The semiconductor device 1 includes the channel layer 11 and a barrier layer 12 that are provided on the substrate 10, for example. The semiconductor device 1 further includes the insulating layer 13 and the gate insulating film 14 that are provided on the barrier layer 12, for example. The insulating layer 13 has an opening (hereinafter referred to as a “gate opening”) at a portion where the gate operation part described above is formed. The gate insulating film 14 is formed in contact with a part of the barrier layer 12 exposed at a bottom surface of the gate opening of the barrier layer 12. The gate insulating film 14 is a conformal layer formed in conformance to the bottom surface and the inner wall of the barrier layer 12 and a surface of the insulating layer 13. The semiconductor device 1 further includes the gate electrode 15 formed so as to fill the gate opening of the barrier layer 12.
The barrier layer 12 has a pair of openings (hereinafter referred to as a “source opening” and a “drain opening”) in addition to the gate opening. The source opening and the drain opening are disposed at respective positions opposite to each other with the gate opening interposed therebetween, and extend in the first direction (the horizontal direction of the page of
The semiconductor device 1 further includes, for example, the source electrode 17 and the drain electrode 18. The source electrode 17 is in ohmic junction with the channel layer 11 exposed at the bottom surface of the source opening. The drain electrode 18 is in ohmic junction with the channel layer 11 exposed at the bottom surface of the drain opening. The semiconductor device 1 further includes, for example, the gate electrode 15 and the insulating layer 16 formed in contact with the surface of the gate insulating film 14. The insulating layer 13, the gate insulating film 14, and the insulating layer 16 each have openings in a pair of regions that sandwich the gate electrode 15. The openings of the insulating layer 13, the gate insulating film 14, and the insulating layer 16 in one of the paired regions is filled with the source electrode 17. The openings of the insulating layer 13, the gate insulating film 14, and the insulating layer 16 in the other region of the paired regions is filled with the drain electrode 18. Upper surfaces of the source electrode 17 and the drain electrode 18 are exposed on a surface of the insulating layer 16.

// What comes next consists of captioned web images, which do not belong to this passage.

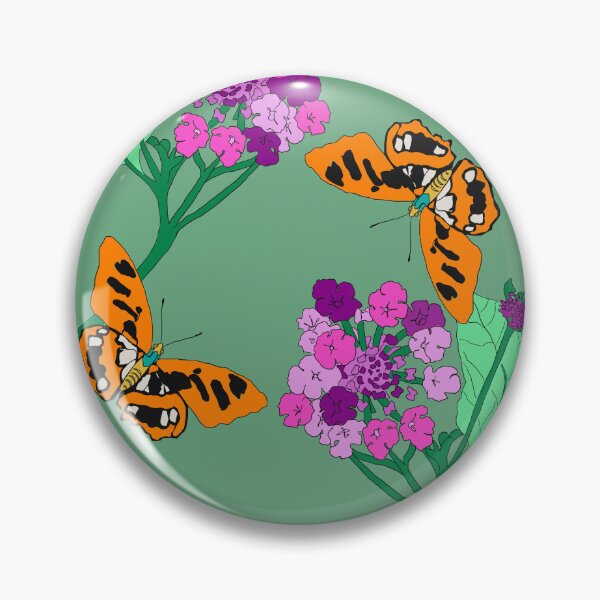 Item preview, Butterflies and flowers  designed and sold by LynseysArtShop.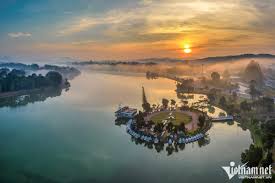 Quanh hồ Xuân Hương sẽ có khu thương mại - dịch vụ cao cấp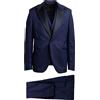 MANUEL RITZ - Abito - Blu navy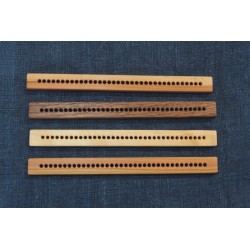 Solid wood warp spreader - 36 holes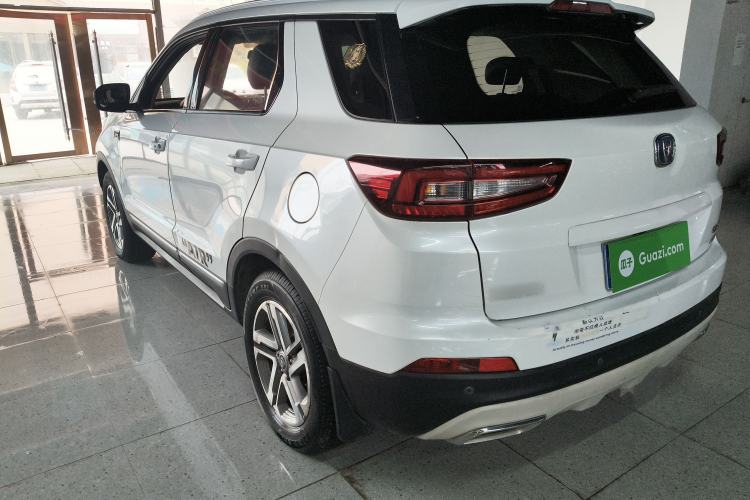 Used CHANGAN CS55 2017 1.5T Automatic Colorful Edition
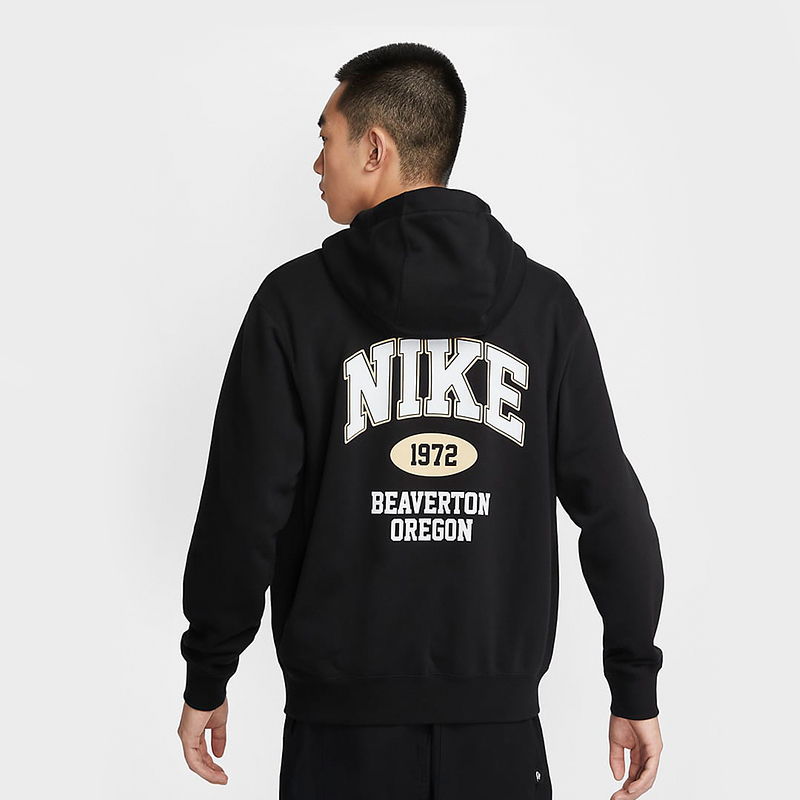 耐克(NIKE) 连帽衫法式毛圈卫衣柔软简约 HV1064-010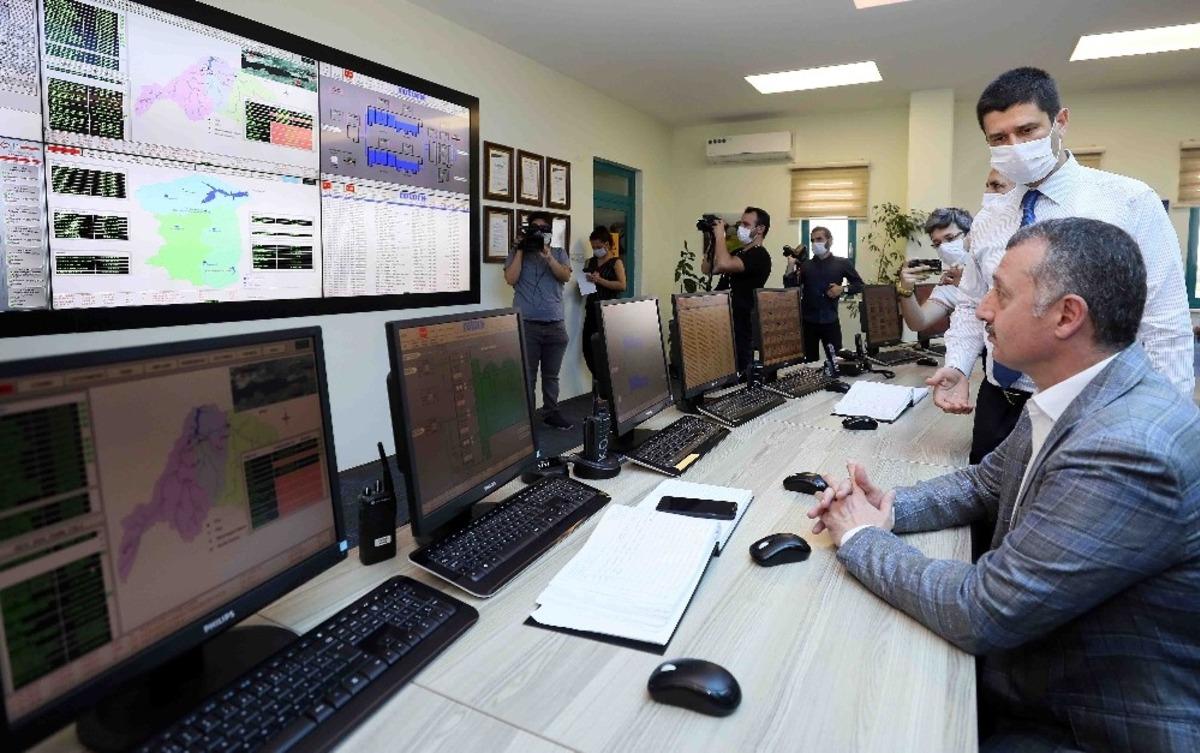 B&uuml;y&uuml;kakın, &ldquo;85 bin hanenin bir g&uuml;nl&uuml;k su ihtiyacını karşılayabileceğiz&rdquo;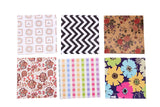 Nozomi Printed Craft Papers 6 X 6 (Set Of 30 Papers) From , Assorted Patterned Papers For Scrapbooking And Other Diy Craft Wor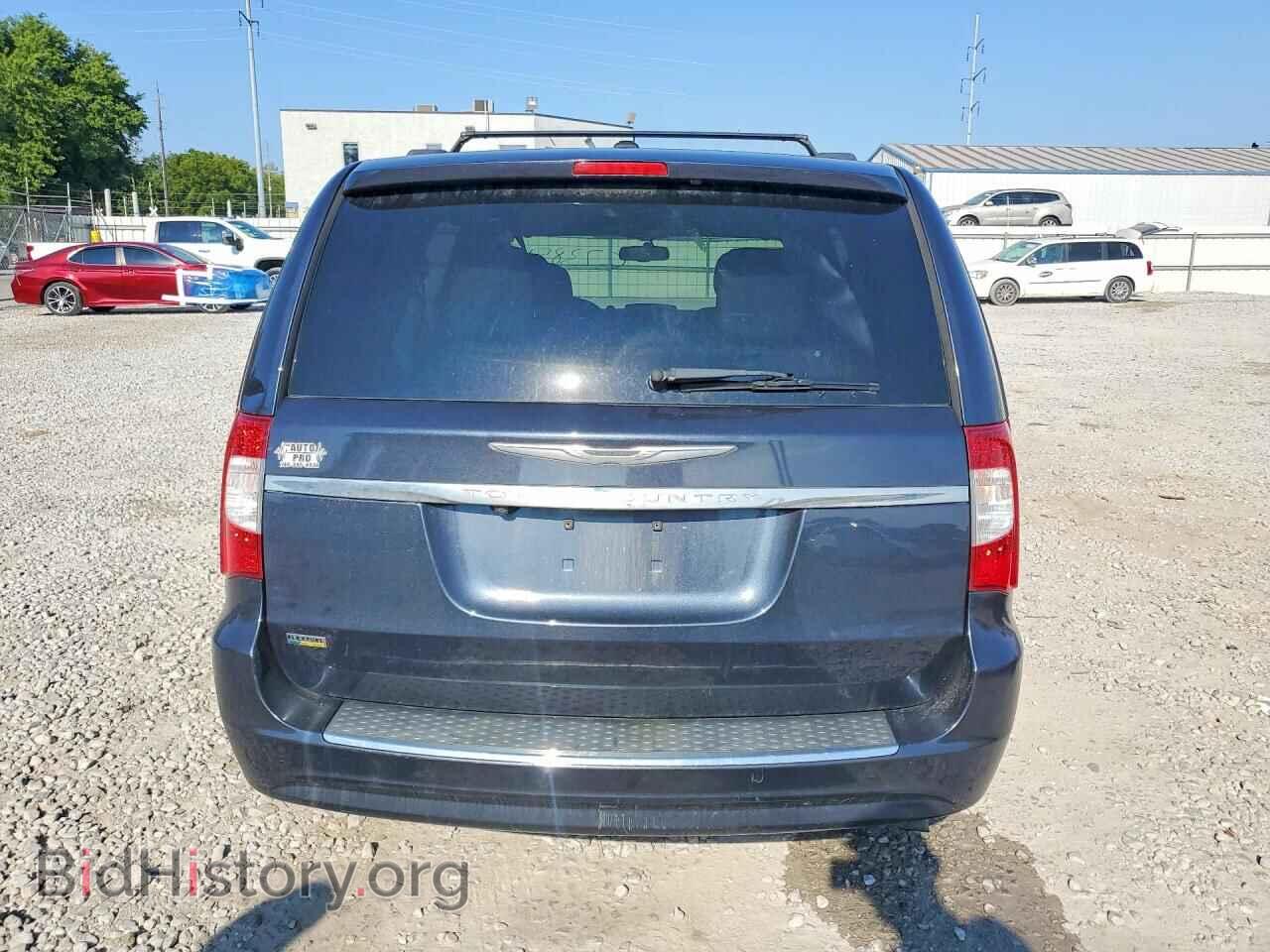 2014 CHRYSLER MINIVAN - VIN: 2C4RC1BG1ER157256 - Фото 6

The substrate 10 includes GaN, for example. In a case where a buffer layer that controls a lattice parameter is provided between the substrate 10 and the channel layer 11, the substrate 10 may include, for example, Si, SiC, or sapphire. In this case, the buffer layer includes, for example, a compound semiconductor such as AlN, AlGaN, or GaN.
The channel layer 11 is a layer in which channels of the high electron mobility transistors are formed. The active region (channel region) of the channel layer 11 is a region in which carriers are accumulated due to polarization from the barrier layer 12. The channel layer 11 is formed using a compound semiconductor material in which carriers are easily accumulated due to polarization from the barrier layer 12. Examples of the compound semiconductor material include GaN. The channel layer 11 may be formed using an undoped compound semiconductor material. In such a case, impurity scattering of carriers in the channel layer 11 is suppressed, and carrier mobility at a high rate is achieved. When the channel layer 11 and the barrier layer 12 that are formed using different compound semiconductors are in heterojunction to each other, the two-dimensional electron gas layer serving as a channel is formed at an interface of the channel layer 11 in contact with the barrier layer 12.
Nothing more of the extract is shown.